* WHAT IS REQUIRED *
Below are the records; give again exactly the lines from the one containing "Pale pink pumps with ankle strap." through the one containing "The official welcoming ceremony", leaving out pictures.

* EXTRACTED ENTRIES *

--- START ---

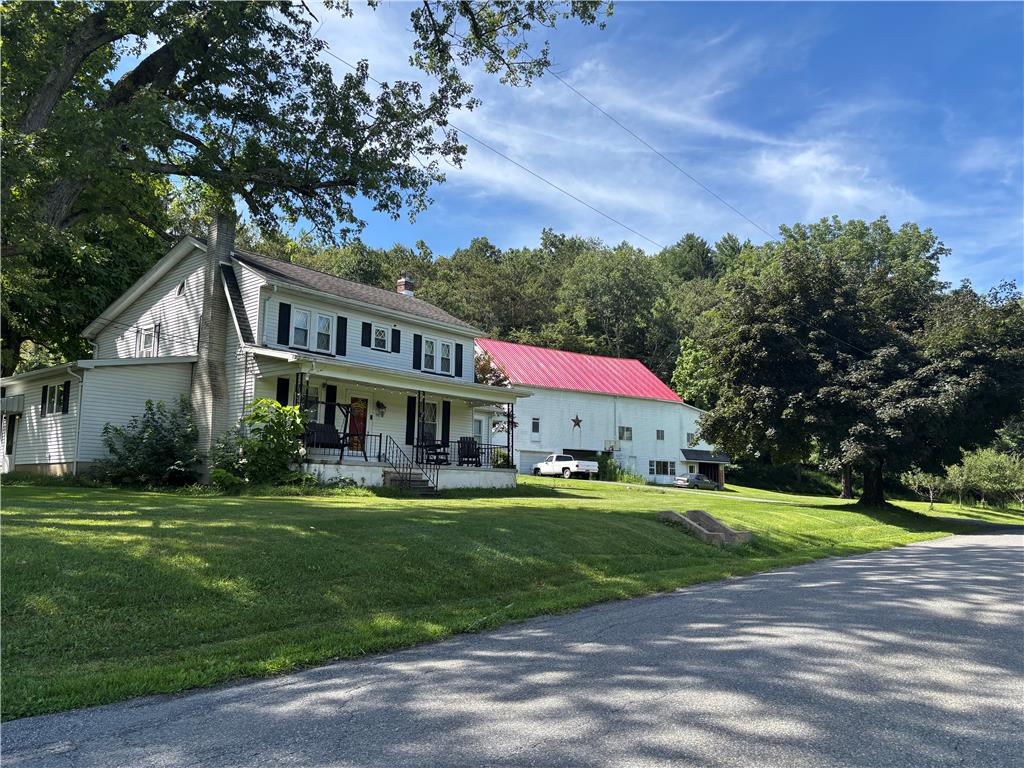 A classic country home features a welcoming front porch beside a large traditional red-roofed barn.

--- END ---
--- START ---

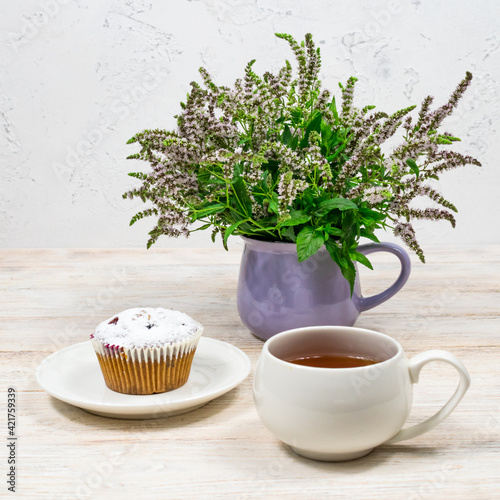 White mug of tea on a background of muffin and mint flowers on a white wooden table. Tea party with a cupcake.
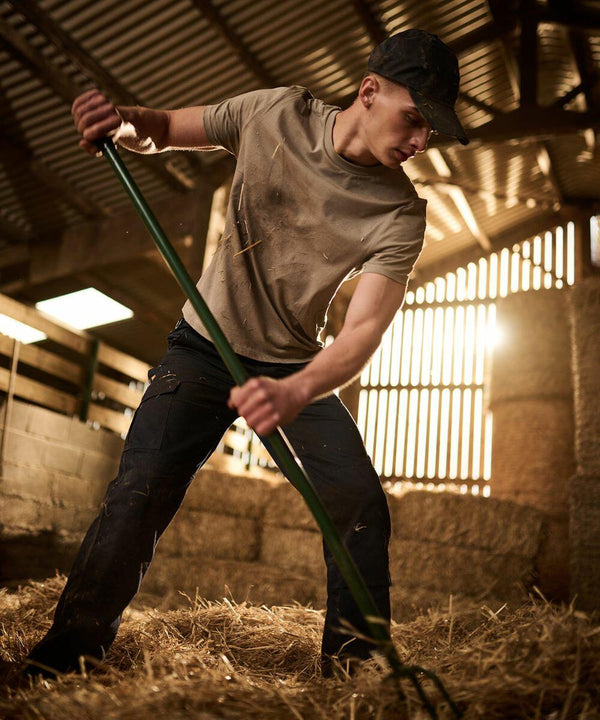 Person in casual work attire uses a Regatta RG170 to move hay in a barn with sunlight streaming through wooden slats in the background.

--- END ---
--- START ---

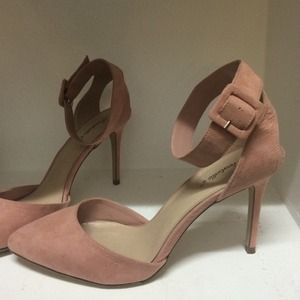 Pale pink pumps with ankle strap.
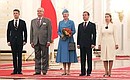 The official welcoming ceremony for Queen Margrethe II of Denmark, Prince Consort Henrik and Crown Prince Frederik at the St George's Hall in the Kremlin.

--- END ---

* OUTPUT FOR THIS TASK *
 Pale pink pumps with ankle strap.
 The official welcoming ceremony for Queen Margrethe II of Denmark, Prince Consort Henrik and Crown Prince Frederik at the St George's Hall in the Kremlin.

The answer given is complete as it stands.